[Material for the task — start]

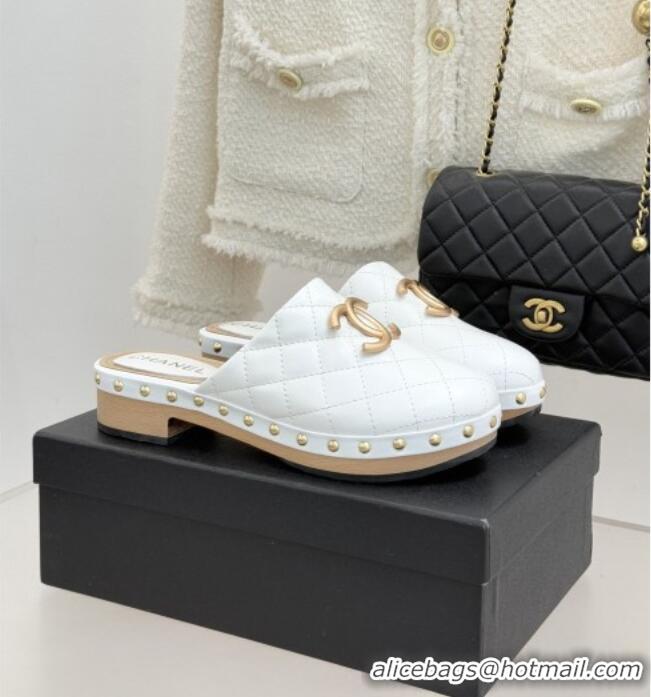 Traditional Discount Chanel Calfskin Mules CH040205 White 2026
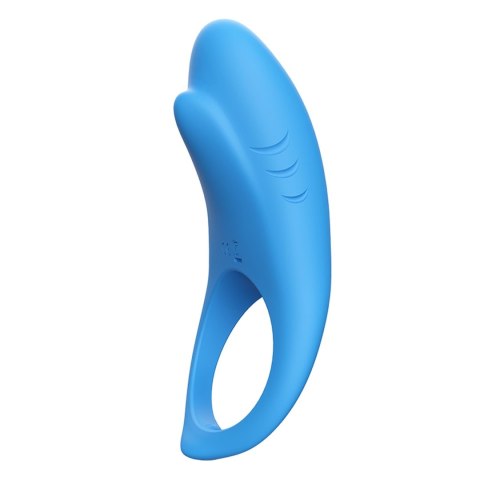 Pierścień erekcyjny wibrujący Shark niebieski z pilotem USB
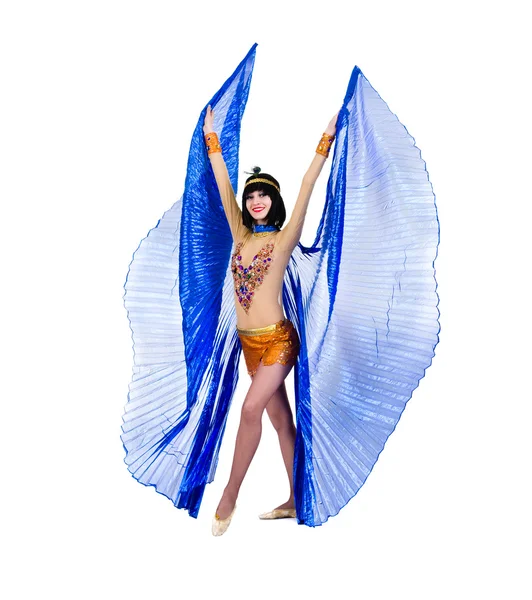 Dancing pharaoh woman wearing a egyptian costume. — Stock Photo, Image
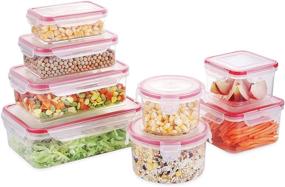 img 4 attached to 📦 SHOMOTE Set of 8 Airtight Food Storage Containers with Lids - BPA-Free, Stackable & Safe for Freezer/Microwave/Dishwasher - Perfect Gift Idea!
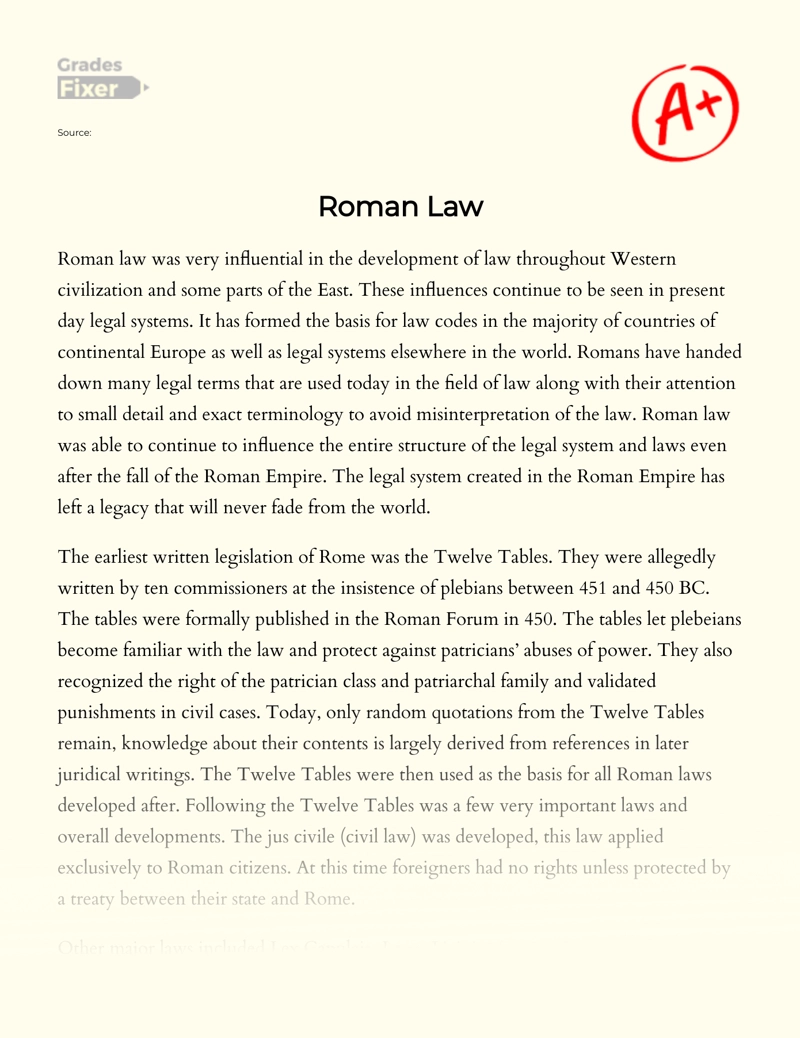 Roman Law essay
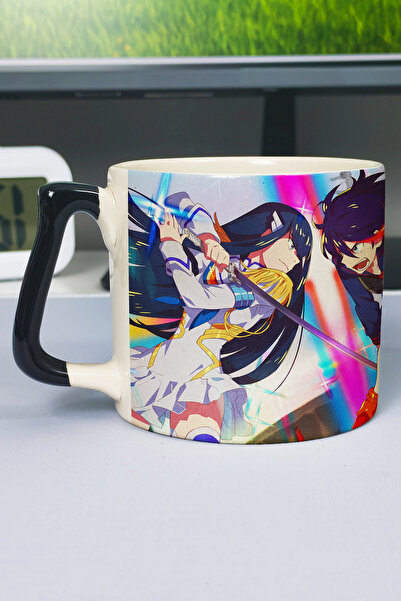 ZipZap كوب سيراميك فاخر مطبوع عليه رسومات أنمي Kill la Kill (قطعة واحدة) بمقب...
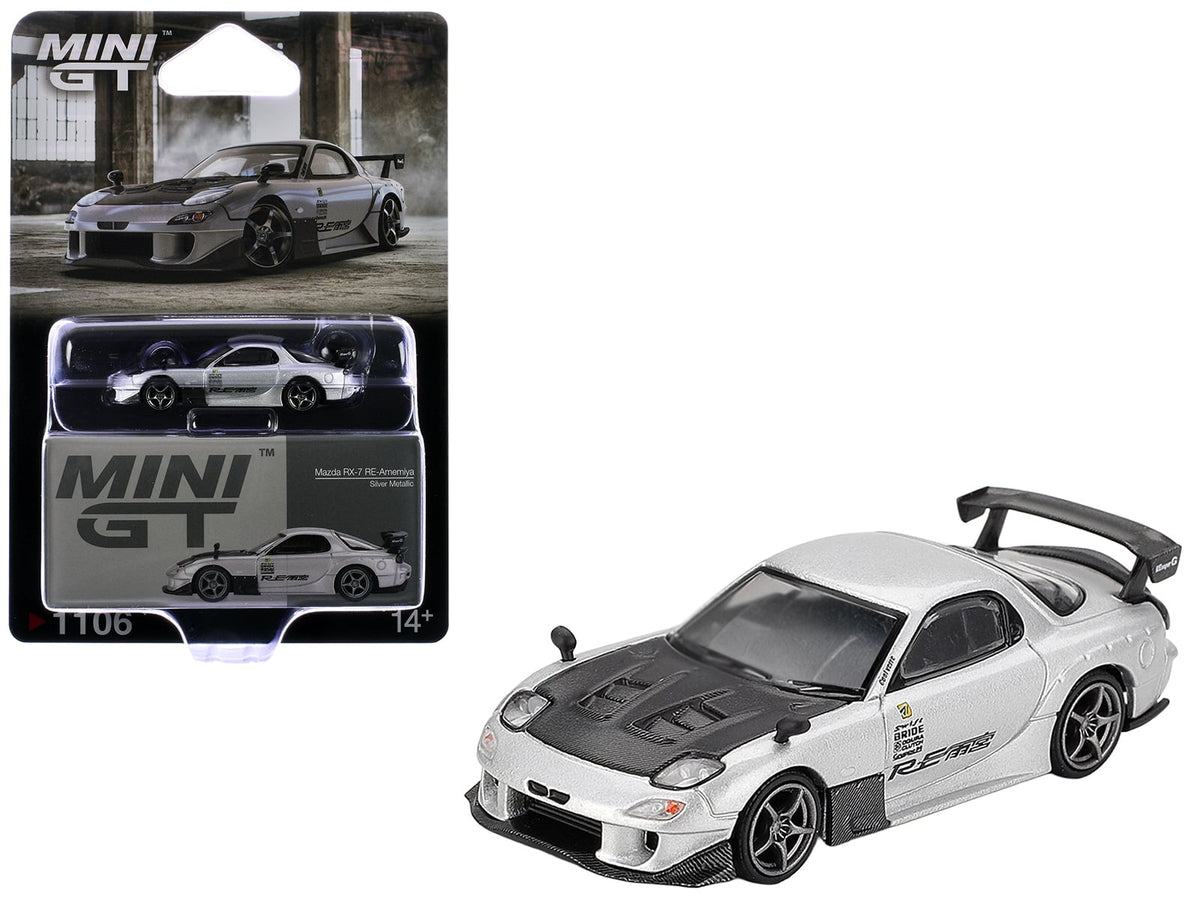 MINI GT Mazda RX-7 RE-Amemiya in silver metallic with a matt black hood, MGT01106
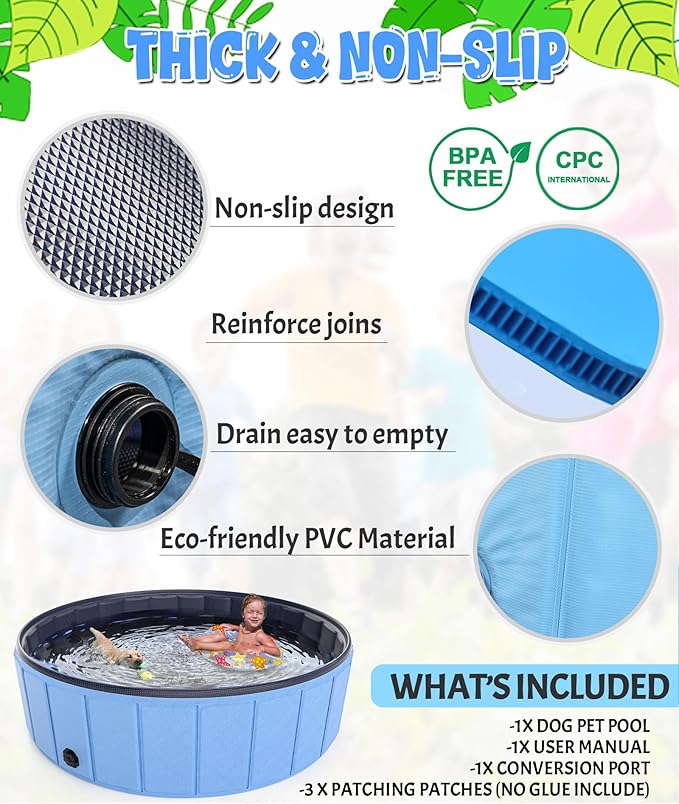 Giant Dog Pool 97"x16", Hyperzoo Foldable Dog Swimming Pool, Hard Plastic PVC Leakproof Doggie Wading Collapsible Pet Bathing Tub for Puppy Small Medium Large Dogs and Kids, Blue-Mewly Pet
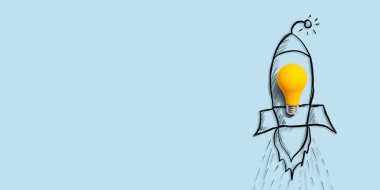 Fikir ampulü bir roket gibi gökyüzüne doğru uçuyordu.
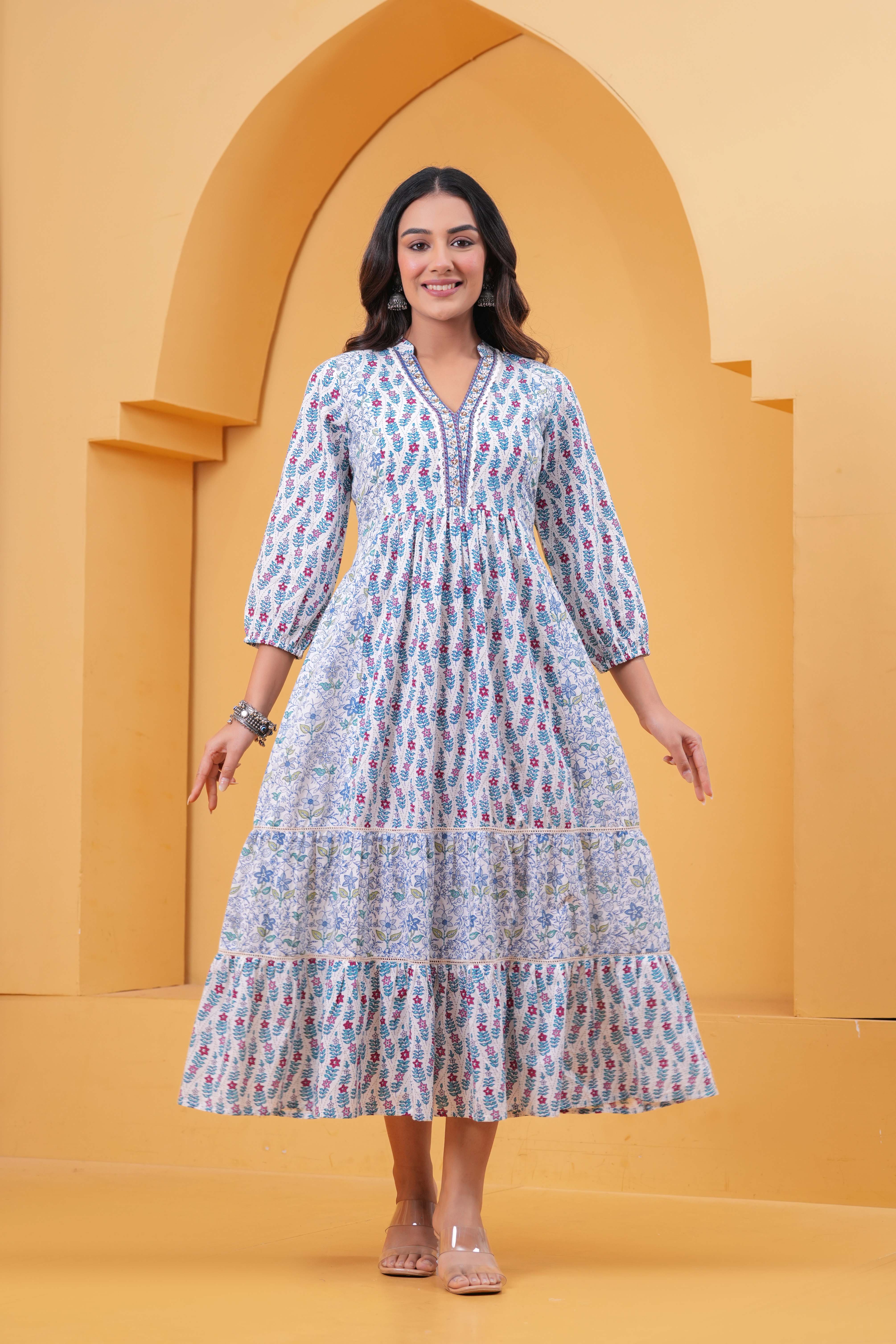 Women's Printed Multi Color Pure Cotton Regular Ethnic Dress White / XL
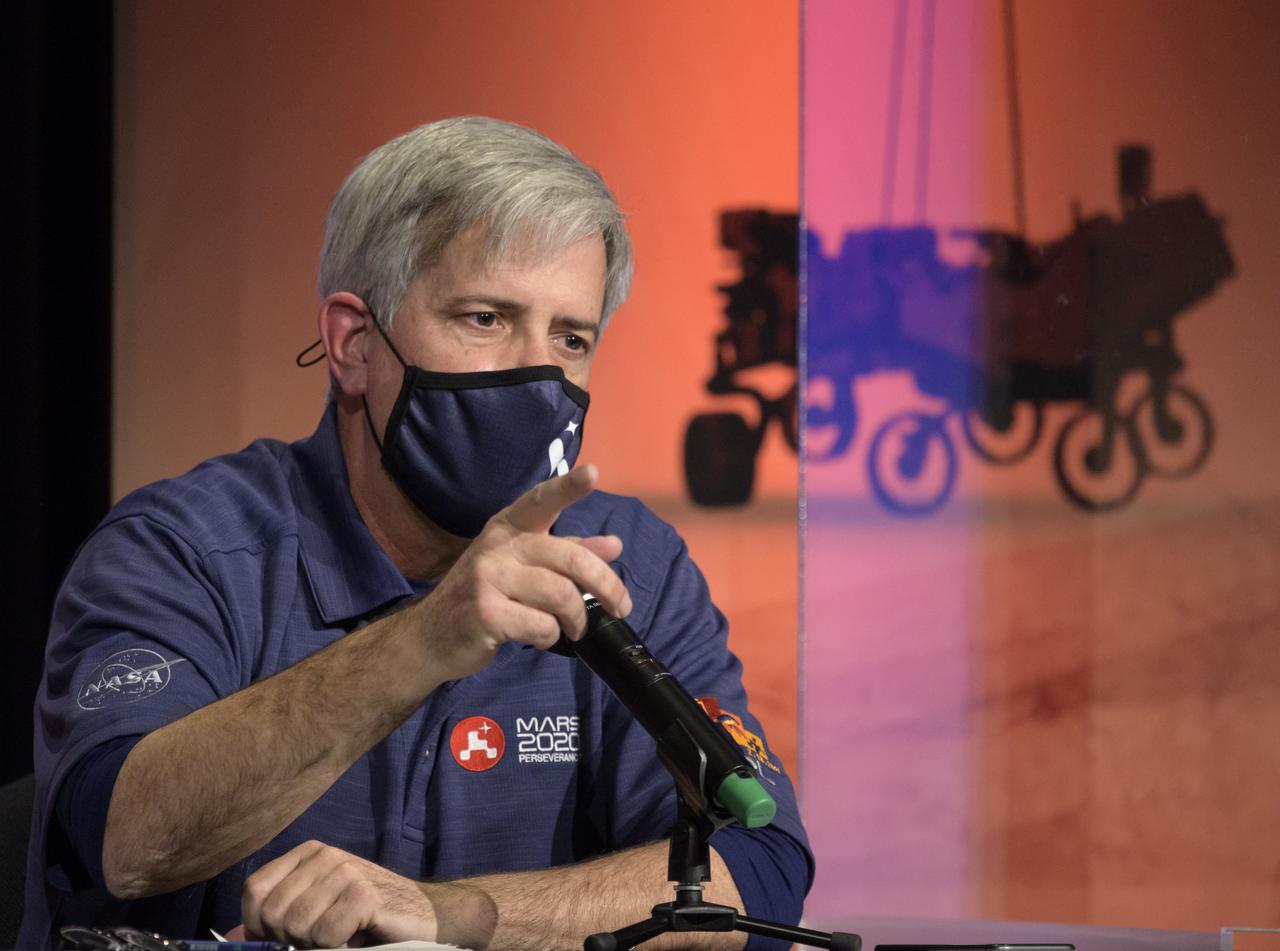 Mars 2020 Deputy Project Manager Matt Wallace, gives remarks during a NASA Perseverance rover mission post-landing update, Thursday, Feb. 18, 2021, at NASA's Jet Propulsion Laboratory in Pasadena, California. A key objective for Perseverance’s mission on Mars is astrobiology, including the search for signs of ancient microbial life. The rover will characterize the planet’s geology and past climate, pave the way for human exploration of the Red Planet, and be the first mission to collect and cache Martian rock and regolith. Photo Credit: (NASA/Bill Ingalls)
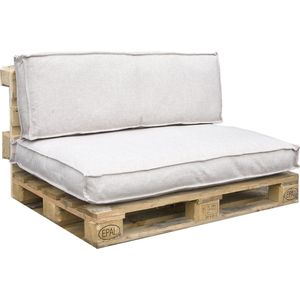 In The Mood Collection Mick Palletkussens - L120 X B80/40 X H12 cm - Beige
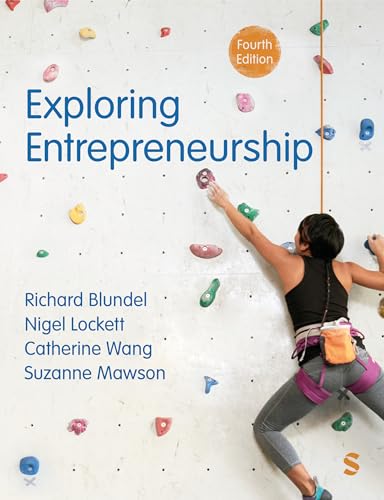 Book cover: "Exploring Entrepreneurship," fourth edition, with a rock climber.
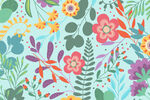 清新多彩花卉图案背景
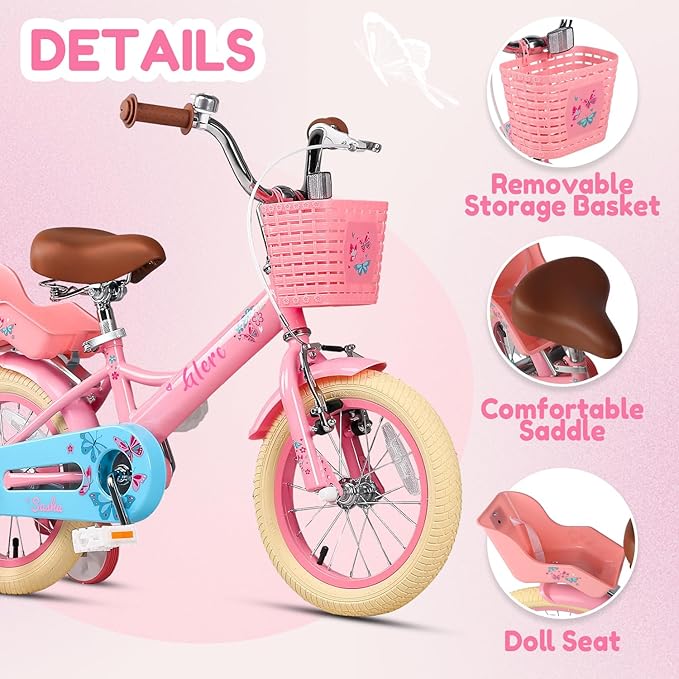 Glerc Sasha Girls Bike, 12-20 Inch Kids Bike for Ages 2-13 Years Old Children, Retro Vintage Style Kids Bicycle with Doll Bike Seat, Basket and Training Wheels, Multiple Colors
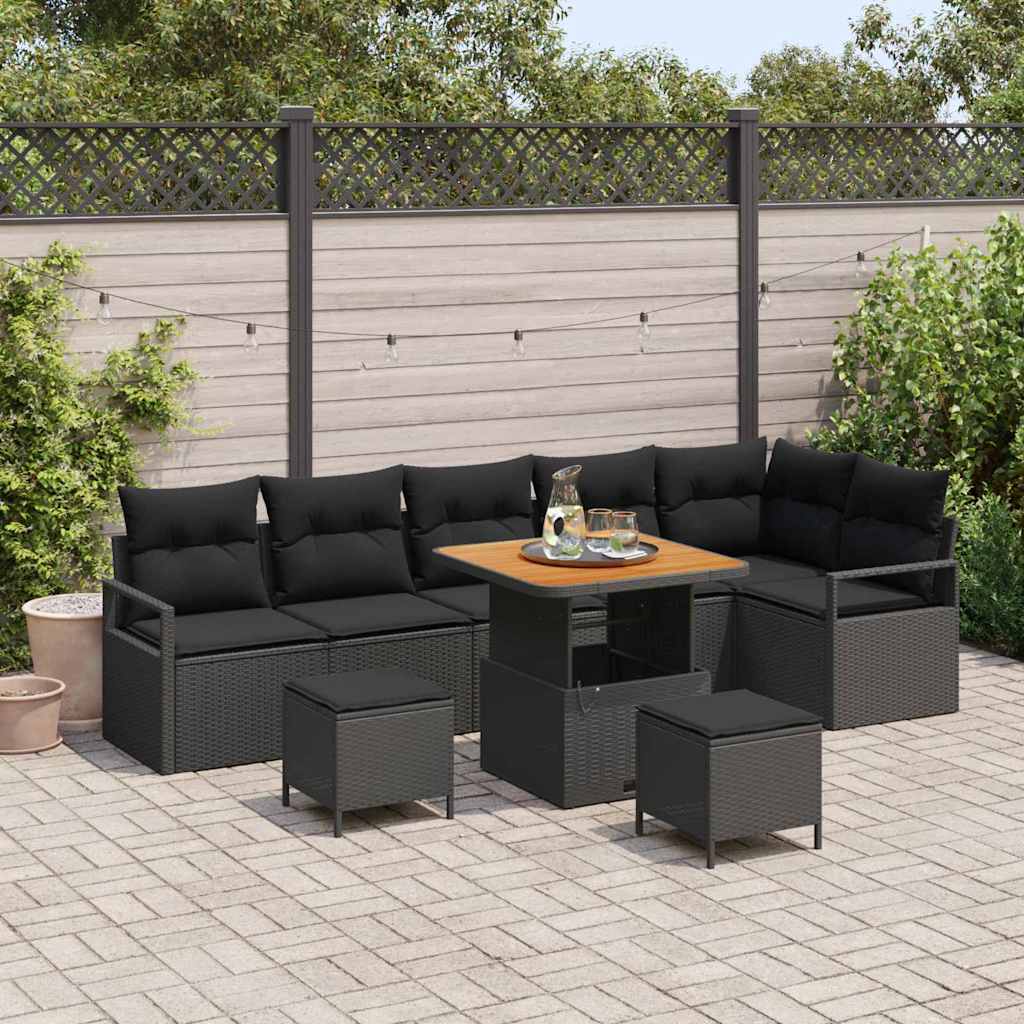 Set Divano da Giardino con cuscino 9 pcs Nero Poly Rattan - homemem39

[Material for the task — finish]

[Prompt]: Give the data again exactly, image-free.

[Finished exercise]:
 Traditional Discount Chanel Calfskin Mules CH040205 White 2026
 Pierścień erekcyjny wibrujący Shark niebieski z pilotem USB
 Dancing pharaoh woman wearing a egyptian costume. — Stock Photo, Image
 img 4 attached to 📦 SHOMOTE Set of 8 Airtight Food Storage Containers with Lids - BPA-Free, Stackable & Safe for Freezer/Microwave/Dishwasher - Perfect Gift Idea!
 Roman Law essay
 ZipZap كوب سيراميك فاخر مطبوع عليه رسومات أنمي Kill la Kill (قطعة واحدة) بمقب...
 MINI GT Mazda RX-7 RE-Amemiya in silver metallic with a matt black hood, MGT01106
 Giant Dog Pool 97"x16", Hyperzoo Foldable Dog Swimming Pool, Hard Plastic PVC Leakproof Doggie Wading Collapsible Pet Bathing Tub for Puppy Small Medium Large Dogs and Kids, Blue-Mewly Pet
 Fikir ampulü bir roket gibi gökyüzüne doğru uçuyordu.
 Women's Printed Multi Color Pure Cotton Regular Ethnic Dress White / XL
 Mars 2020 Deputy Project Manager Matt Wallace, gives remarks during a NASA Perseverance rover mission post-landing update, Thursday, Feb. 18, 2021, at NASA's Jet Propulsion Laboratory in Pasadena, California. A key objective for Perseverance’s mission on Mars is astrobiology, including the search for signs of ancient microbial life. The rover will characterize the planet’s geology and past climate, pave the way for human exploration of the Red Planet, and be the first mission to collect and cache Martian rock and regolith. Photo Credit: (NASA/Bill Ingalls)
 In The Mood Collection Mick Palletkussens - L120 X B80/40 X H12 cm - Beige
 Book cover: "Exploring Entrepreneurship," fourth edition, with a rock climber.
 清新多彩花卉图案背景
 Glerc Sasha Girls Bike, 12-20 Inch Kids Bike for Ages 2-13 Years Old Children, Retro Vintage Style Kids Bicycle with Doll Bike Seat, Basket and Training Wheels, Multiple Colors
 Set Divano da Giardino con cuscino 9 pcs Nero Poly Rattan - homemem39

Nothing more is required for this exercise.